I'm not going to go through all the arguments in detail here, but I'll list the basic ideas. If you've read "Diet for a Small Planet" or are otherwise aware of the specifics, and have counterarguments, feel free to object. If you haven't, I consider reading it (or something similar) a prerequisite for making a decision about whether you eat meat, just as reading the sequences is important to have meaningful discussion on this site.
The issues:
1. "It's cruel to animals." Factory farming is cruel on a massive scale, beyond what we find in nature. Even if animal suffering has only 1% the weight of a humans, there's enough multiplying going on that you can't just ignore it. I haven't precisely clarified my ethics in a way that avoids the Repugnant Conclusion (I've been vaguely describing myself as a "Preference Utilitarian" but I confess that I haven't fully explored the ramifications of it), but it seems to me that if you're not okay with breeding a subservient, less intelligent species of humans for slave labor and consumption, you shouldn't be okay with how we treat animals. I don't think intelligence gives humans any additional intrinsic value, and I don't think most humans use their intelligence to contribute to the universe on a scale meaningful enough to make a binary distinction between the instrumental value of the average human vs the average cow.
2. "It's bad for humans." The scale on which we eat meat is demonstrably unhealthy, wasteful and recent (arising in Western culture in the last hundred years). The way Westerners eat in general is unhealthy and meat is just a part of that, but it's a significant factor.
3. "It's bad for the environment (which is bad for both human and non-human animals)." Massive amounts of cows require massive amounts of grain, which require unsustainable agriculture which damages the soil. The cows themselves are a major pollution. (Edit: removed an attention grabbing fact that may or may not have been strictly true but I'm not currently prepared to defend)
Now, there are some legitimate counterarguments against strict vegetarianism. It's not necessary to be a pure vegetarian for health or environmental reasons. I do not object to free range farms that provide their animals with a decent life and painless death. I am fine with hunting. (In fact, until a super-AI somehow rewrites the rules of the ecosystem, hunting certain animals is necessary since humans have eliminated the natural predators). On top of all that, animal cruelty is only one of a million problems facing the world, factoring farming is only one of its causes, and dealing with it takes effort. You could be spending that effort dealing with one of the other 999,999 kinds of injustice that the world faces. And if that is your choice, after having given serious consideration to the issue, I understand.

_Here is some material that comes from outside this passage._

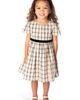 Popatu Popatu Plaid Flutter Sleeve Cotton Dress - 2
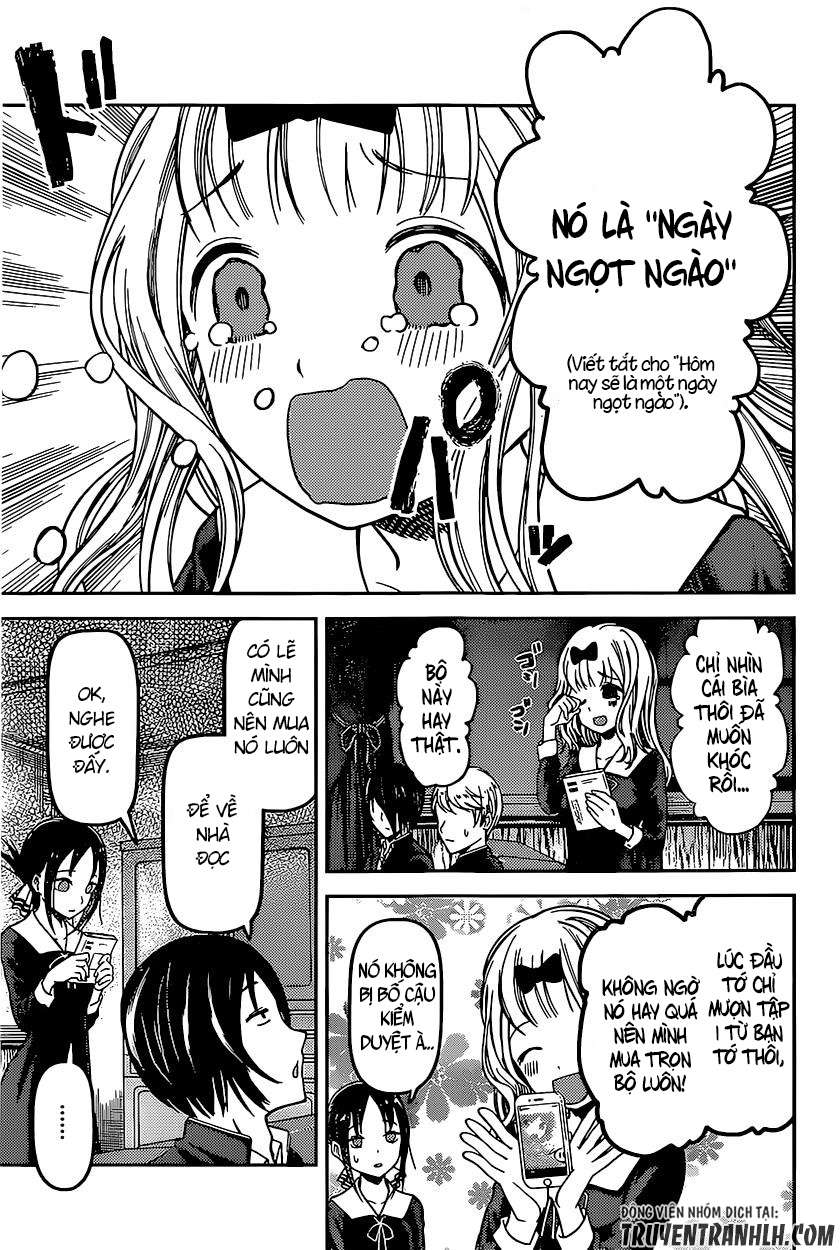 Kaguya-Sama Wa Kokurasetai – Tensai-Tachi No Renai Zunousen Chapter 73 - Trang 2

I actually eat meat approximately once a month, for each of the above reasons. Western Society makes it difficult to live perfectly, and once-a-month turns out to be approximately how often I fail to live up to my ideals. My end goal for food consumption is to derive my meat, eggs and dairy products from ethical sources, after which I'll consider it "good enough" (i.e. diminishing returns of effort vs improving-the-world) and move on to another area of self improvement.